Edit attributeLists

Attributes are descriptions of variables, typically columns or column names in tabular data. Attributes are stored in an attributeList. When editing attributes in R, we convert the attribute list information to data frame (table) format so that it is easier to edit. When editing attributes you will need to create one to three data frame objects:

  1. A data.frame of attributes
  2. A data.frame of custom units (if applicable)
  3. A data.frame of factors (if applicable)

The attributeList is an element within one of 4 different types of entity objects. An entity corresponds to a file, typically. Multiple entities (files) can exist within a dataset. The 4 different entity types are dataTable (most common for us), spatialVector, spatialRaster, and otherEntity.

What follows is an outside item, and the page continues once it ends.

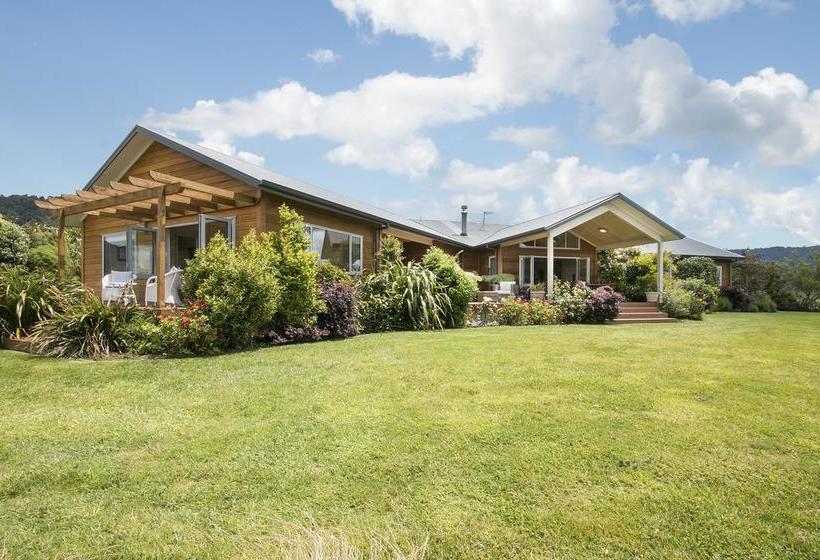 בית מלון כפרי Kaimai Country Lodge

Please note that submitting attribute information through the website will store them in an otherEntity object by default. We prefer to store them in a dataTable object for tabular data or a spatialVector or spatialRaster object for spatial data.

To edit or examine an existing attribute list already in an EML file, you can use the following commands, where i represents the index of the series element you are interested in. Note that if there is only one item in the series (ie there is only one dataTable), you should just call doc$dataset$dataTable, as in this case doc$dataset$dataTable[[1]] will return the first sub-element of the dataTable (the entityName)

# If they are stored in an otherEntity (submitted from the website by default)
attribute_tables <- EML::get_attributes(doc$dataset$otherEntity[[i]]$attributeList)
# Or if they are stored in a dataTable (usually created by a datateam member)
attribute_tables <- EML::get_attributes(doc$dataset$dataTable[[i]]$attributeList)

The get_attributes() function returns the attribute_tables object, which is a list of the three data frames mentioned above. The data frame with the attributes is called attribute_tables$attributes.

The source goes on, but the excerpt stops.